Between 1980-84 and 1990-94, the proportion of children treated at paediatric oncology centres rose from 77% to 89%, and the proportion entered into national trials rose from 59% to 82%. Each of age, sex, white blood count, immunophenotype, and Down's syndrome status had a highly significant effect on survival. Five year survival improved from 67% in 1980-84 to 81% in 1990-94, a 42% reduction in the risk of death within five years of diagnosis. Survival did not differ significantly between hospitals with different numbers of new patients per year or between paediatric oncology centres and other hospitals. Children who were entered into national trials had higher survival and this difference became greater in recent years; five year survival rates for children diagnosed during 1980-84 were 70% and 64% for trial and non-trial patients, respectively; in 1990-94 the rates were 84% and 68% for trial and non-trial patients, respectively.
Survival after ALL continues to improve. Nearly 50 children/year diagnosed during 1990-94 survived who would have died a decade before. Survival does not vary systematically with place of treatment but is higher for children entered into national trials.
记录现代化疗时代急性淋巴细胞白血病(ALL)后的生存率,评估初诊时预后因素的影响,并研究生存率与护理组织模式之间的关系。
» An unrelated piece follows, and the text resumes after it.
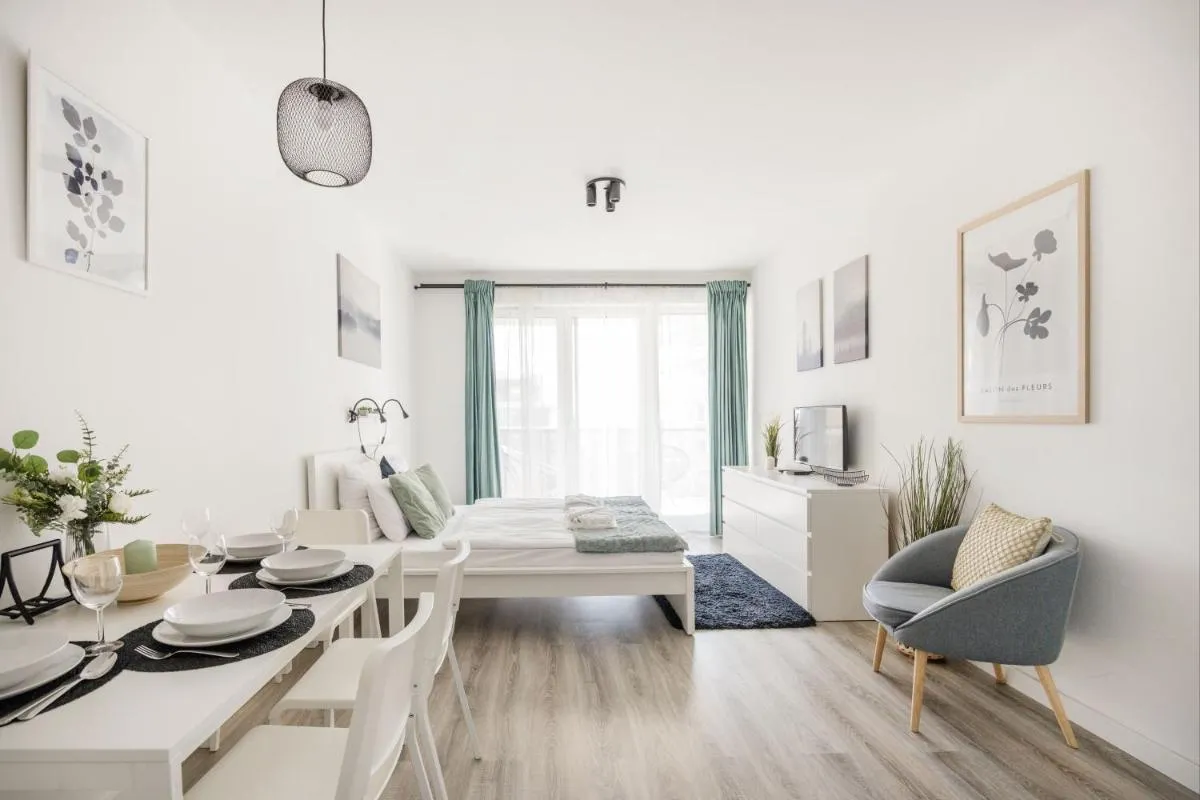 Image 4 of Modern Riverfront Apartment with Free Parking
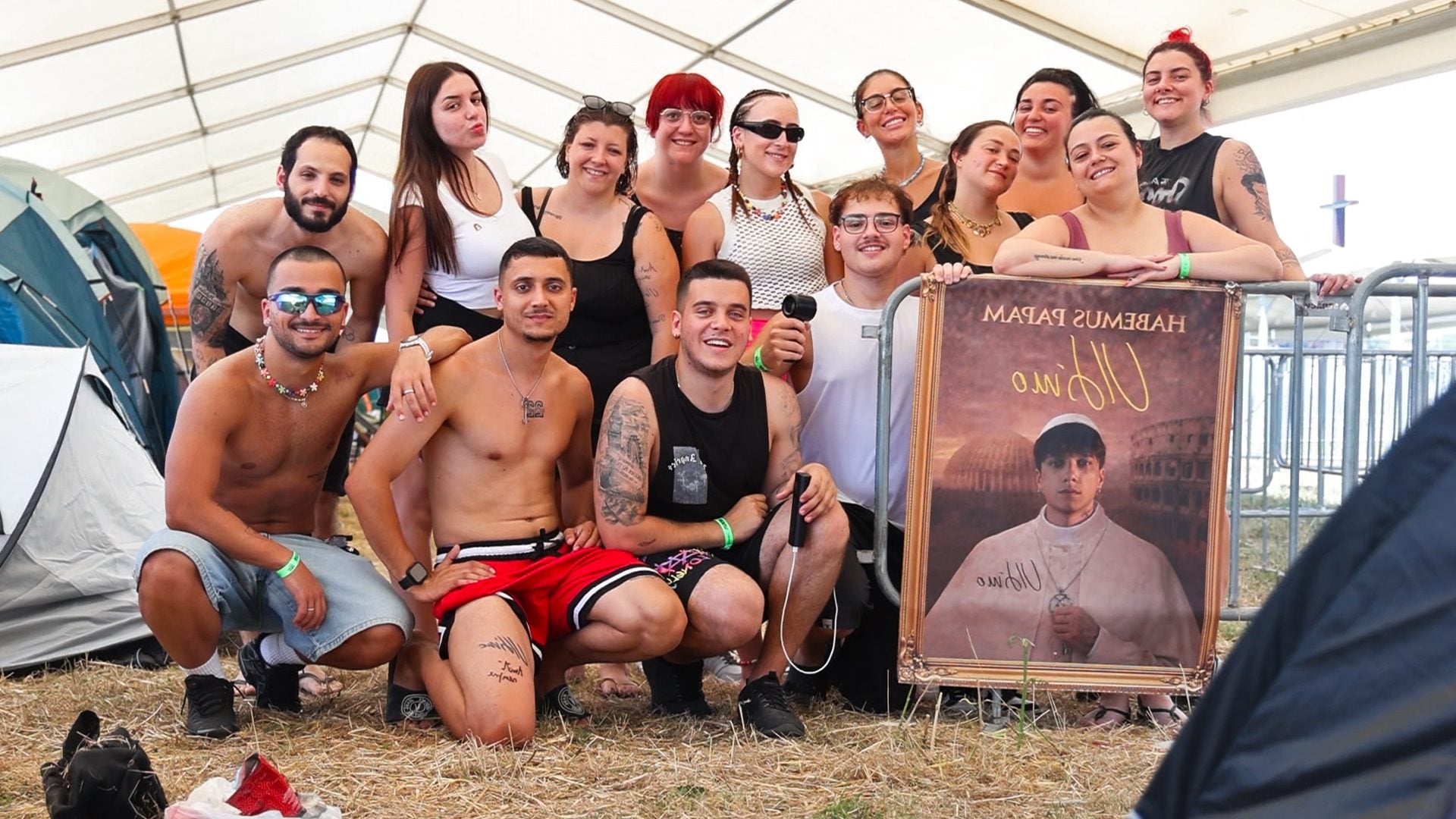 La "vita in transenna" dei fan di Ultimo a Tor Vergata: dieci giorni in tenda sfidando il caldo che non dà tregua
在1980 - 1994年期间,从英国确诊的5078例儿童的人群系列中,排除仅从死亡证明确定的9例儿童和未接受抗白血病治疗的81例儿童后,剩余4988例用于分析。
精算生存率。
在1980 - 1984年和1990 - 1994年期间,在儿科肿瘤中心接受治疗的儿童比例从77%上升至89%,进入全国试验的比例从59%上升至82%。年龄、性别、白细胞计数、免疫表型和唐氏综合征状态中的每一项对生存率都有高度显著的影响。五年生存率从1980 - 1984年的67%提高到1990 - 1994年的81%,诊断后五年内死亡风险降低了42%。每年新患者数量不同的医院之间或儿科肿瘤中心与其他医院之间的生存率没有显著差异。进入全国试验的儿童生存率更高,且近年来这种差异变得更大;1980 - 1984年期间确诊的儿童,试验组和非试验组的五年生存率分别为70%和64%;1990 - 1994年,试验组和非试验组的五年生存率分别为84%和68%。
ALL后的生存率持续提高。在1990 - 1994年期间每年确诊的近50例儿童存活下来,而在十年前他们可能会死亡。生存率不会因治疗地点而有系统性差异,但进入全国试验的儿童生存率更高。